A sign reads 'Arkansas'. Three letters are removed and put back into the three empty spaces at random. What is the probability that the sign still reads 'Arkansas'?

My method I tried a different case to get the feel of the problem. I tried it for a smaller set of letters " M,I,T,A " and removed just two letters . For this case I found that the probability is 0.5. by taking cases.

I still didn't get the feel of the problem. The repetition of A and S in Arkansas is bothering me. How should I approach this problem?

Answer 1

If you pick three different letters, they have to be put back the same way for a chance of $1/3!$. If you pick three the same they are guaranteed to make Arkansas. If you pick two of one kind and one of another, what is the chance they go back to make Arkansas? Now figure the chance of getting each type of selection.

Answer 2

Is "A" distitinct from "a"? I would say it is.

You have two cases. Either you pull 3 different letters. Or you pull 2 of 1 kind of letter, and one of the remainders.

The second scenario is easier to count as inclusion exclusion comes into play in the first.

The doubled letter is either an "s" or an "a" and in each case there are 6 candidates for the companion letter.

12 was to choose two of one letter and 1 other.

${8\choose 3} = 56$ ways to choose 3 letters in all.

$56 - 12 = 44$ ways to choose 3 distinct letters.

If you really want a way to count the scenario of 3 distinct letters from "the bottom up"... ${4\choose 3} + 4{4\choose 2} + 4{4\choose 1} = 44$ one term assumes that no letters are from $\{a,s\}$ one term for choosing one letter from that set, and one term for choosing 2 letters from that set (but not two of the same variety)

If you choose 3 distinct letters, you have a $\frac 16$ of returning them from whence they came.

If you choose 2 distinct letters, you have a $\frac 13$ of returning them to equivalent positions.

Answer 3

Split it up into the cases where you pick letters that are non-repeating and the cases where you do pick letters that repeat (twice or thrice).

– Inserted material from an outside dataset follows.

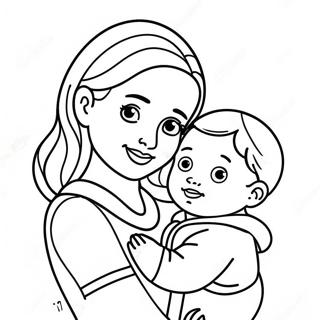 Cute Mother And Child Coloring Page 4627-3814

Total # ways to pick any 3 letters from ARKANSAS = $^8C_3 = 56$ and the total ways to put 3 letters back = $3! = 6$. Therefore, total cases = $56*6 = 336$.

Number of ways to put back letters successfully when the chosen letters are all different = 1 and the number of possibilities where three different letters are chosen needs to be calculated.

If A is picked as one letter, then there are $^5C_2$ ways of picking the other two letters such that they are not A's. However, out of these, there is 1 case where both of the other letters are S: ASS. So $^5C_2 - 1$ cases when A is one letter of three different ones.

When S is one letter, $^6C_2$ ways to choose a non-S pair of letters, but out of which 3 cases will be AA's. So $^6C_2 - 3$.

Therefore, # successes when three different letters are picked = $(^5C_2-1) + (^6C_2-3) + ^3C_3$ (using the non-repeating letters RKN)

Now for the cases that have repeating letters:

ASS can be put back correctly 2 ways.

AAA can be put back correctly 3 ways.

AAX can be put back correctly 2 ways and X (non-A) can be chosen in 5 different ways.

AXA " ".

XAA " ".

Total = $(^5C_2-1) + (^6C_2-3) + ^3C_3 + 2 + 3 + 30 = 56$

Therefore, probability = $56/(56*6) = 1/6$